Today, on 13 April (on Christian Palm Sunday and Jewish Passover), a double ballistic missile strike on the city of Sumy killed at least 34 civilians; 117+ people were wounded. The second strike was deliberately shelled at rescue efforts, as the Russian invaders have been hunting on emergency workers on many occasions.
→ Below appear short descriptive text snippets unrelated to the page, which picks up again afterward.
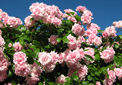 puzzle exclusif Imajeux photographie d'un rosier grimpant rose clair en pleine floraison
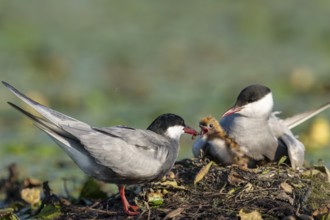 White-bearded terns (Childonias hybride) feeding with young birds on their nest, Danube Delta,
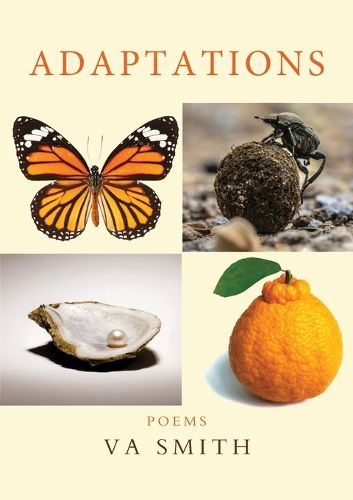 Cover image for Adaptations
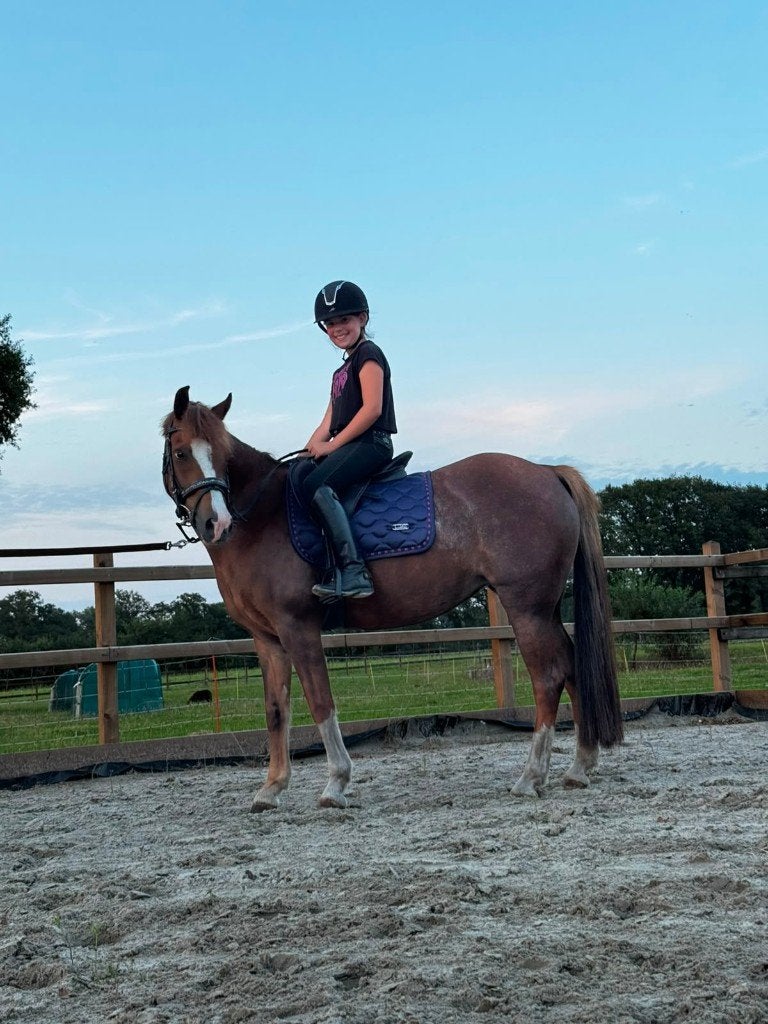 Welsh merrie (10 jaar) | Super lieve kinderpony | 133 cm, Merrie, C pony (1.27m tot 1.37m), 7 tot 10 jaar, Recreatiepony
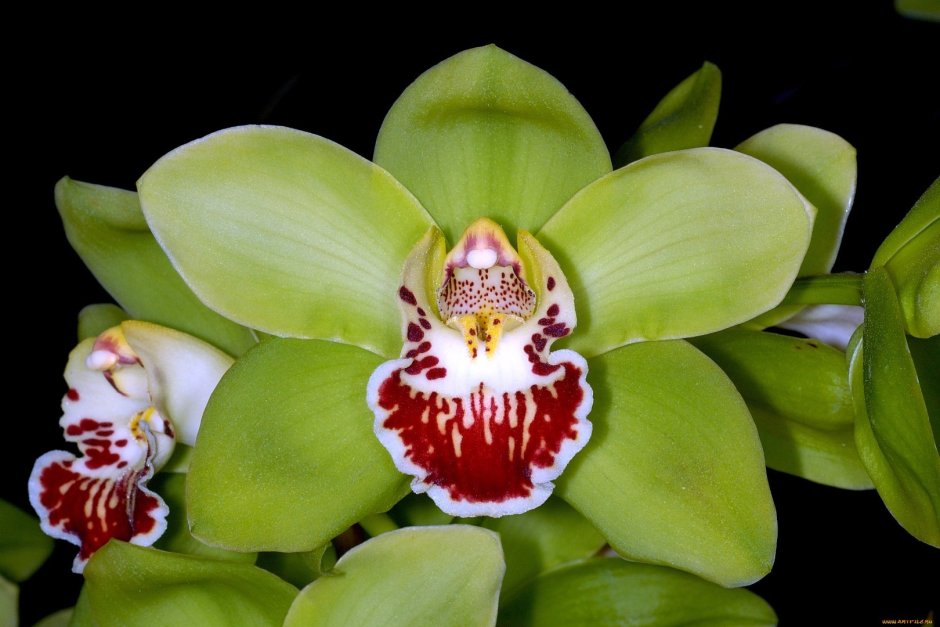 Нежно зеленая Орхидея с темной зеленой губой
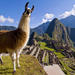 11-Day Best of Peru Tour from Lima: Andean Highlights and Machu Picchu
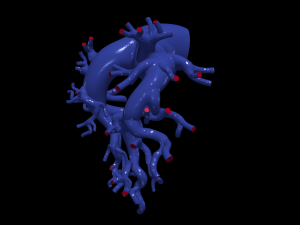 Pulmonary arteries Modello 3D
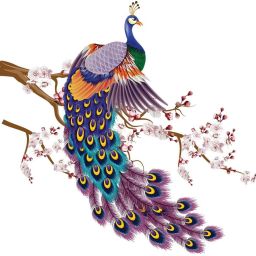 59 cm Vibrant Peacock Vinyl Wall Sicker Removable Sticker-image-26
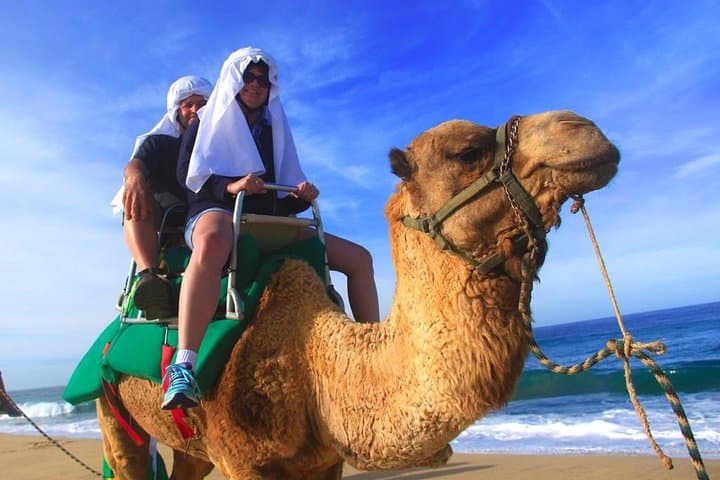 Cabo Camel and Safari Ride: Beach Camel Tour with Tequila Tasting photo 3
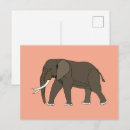 Suche nach safaritiere postkarten Wild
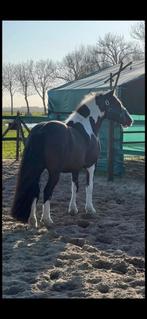 Hele knappe Tinker ruin, Ophalen of Verzenden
Russian attacks today targeted civilians in other places in Ukraine as well (they killed two women in Kupiansk in Kharkiv Oblast; a kamikaze drone fell near an anarchist squat in Odesa).
While Putin continues to escalate his war crimes with impunity, his partner Trump, along with his minions, insists on the “goodwill” of the Russians and their supposed “compliance” with “deals”. Trump's buffoonish emissaries daydream about partitioning Ukraine to occupation zones as if it were post-WWII Nazi Germany, spouting utterly anti-historical nonsense (like naming “Khrushchev's gifts to Ukraine” all the regions illegally proclaimed part of Russia in the course of this invasion - including places they couldn't occupy like Zaporizhia, the actual hotbed of Ukrainian Cossacks) just to justify their craving for Trump-Putin global reactionary Axis 2.0.
Russian propaganda claims they're not killing countless civilians in peaceful cities, but mythical gazillions of “foreign instructors.” The most cynical attacks on civilian infrastructure are usually accompanied by the tired excuse: “We don’t strike civilians, only military targets” — whether it’s been German Nazis, Americans in Iraq, IDF in Palestine, or Russians in Syria and Ukraine now. And still, one can find plethora of useless idiots in the West who'll perpetuate the myth of Kremlin's eagerness for “ceasefire” and “peace”.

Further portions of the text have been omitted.